Posted Friday, Nov. 23, 2012, at 1:34 PM
Protesters demonstrating against Egypt's President Mohamed Morsi run from tear gas fired by Egyptian riot police during clashes in Cairo's Tahrir Square
Photo by AHMED MAHMOUD/AFP/Getty Images
The sharp divisions in Egyptian society became starkly evident Friday, when clashes broke out in Cairo and several cities across the country after President Mohamed Morsi took on sweeping new powers that essentially put him above the law. Opponents reportedly set fire to several Muslim Brotherhood offices and opponents and supporters attacked each other with stones, injuring at least 15 people, according to the Associated Press. Meanwhile, police fired tear gas at protesters who had gathered in Tahrir Square, the symbol of the 2011 uprising against Hosni Mubarak.
The protesters depicted Morsi as the new Mubarak, saying he had launched a “constitutional coup” and given himself dictatorial powers. Morsi defended his new powers, saying that they were necessary to protect the transition to democracy and overcome a stalemate. “But the unexpected breadth of the powers he seized raised immediate fears that he might become a new strongman,” details the New York Times. Morsi’s power-grab comes as the Egyptian president is receiving praise from different corners of the world for playing a key role in mediating the cease-fire between Israel and Hamas in Gaza. But this new development is bound to worry key allies, including the United States and the European Union, notes Reuters.
Among other thngs, Morsi’s decree ordes a retrial of Mubarak and security officials accused of killing demonstrators during the 2011 revolution, reports the Guardian. It also declares that all of Morsi’s decisions are immune from legal challenges until a new parliament is elected.

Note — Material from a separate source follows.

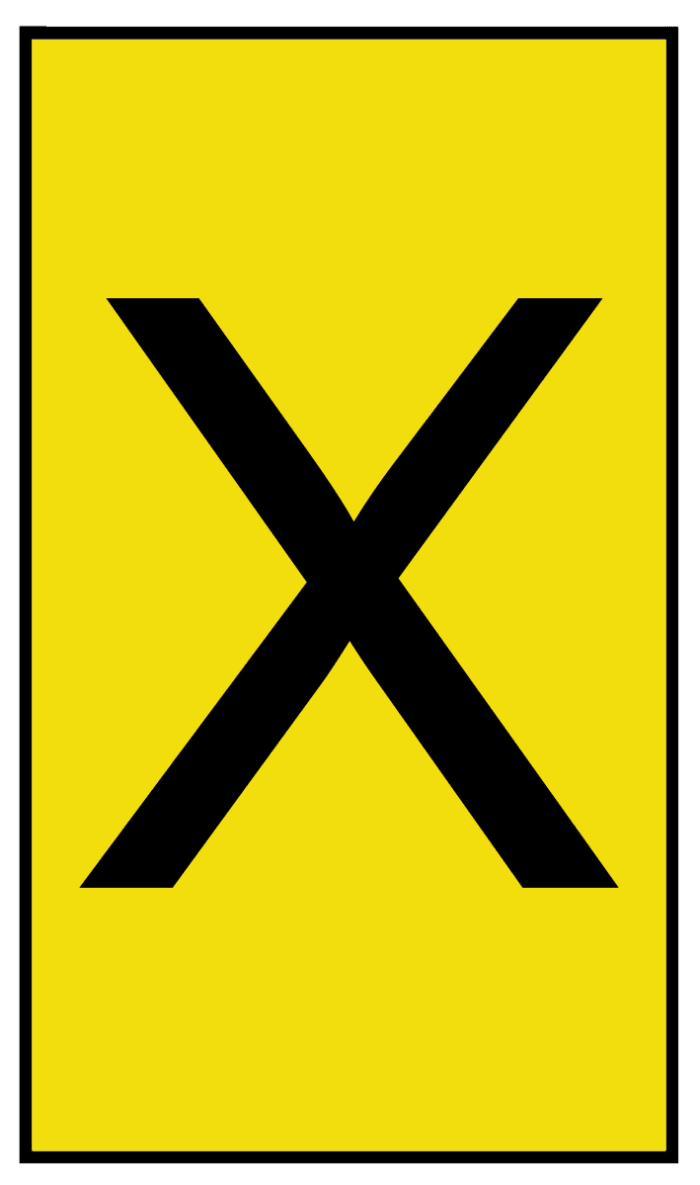 HellermannTyton Ovalgrip Slide On Cable Markers, Black on Yellow, Pre-printed ""X"", 2.5 → 6mm Cable, 901-10475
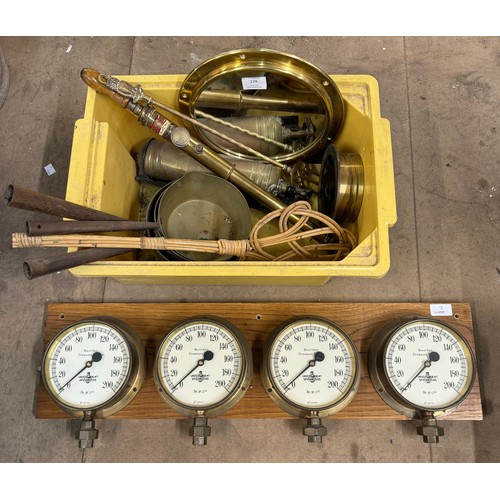 279 - Four mounted Independent Sprinklers brass pressure gauges, one spare, together with assorted metalwa...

The AP takes a detailed look at the decree here.
Thousands of Morsi supporters gathered outside the presidential palace in Cairo Friday to express support for the president and to hear him defend the decree, reports Al Jazeera. “I will never be against any Egyptians because we are all together and we need to give momentum to freedom and democracy and the transfer,” Morsi said. "I don't want to have all the powers...but if I see my nation in danger, I will do and I will act. I must."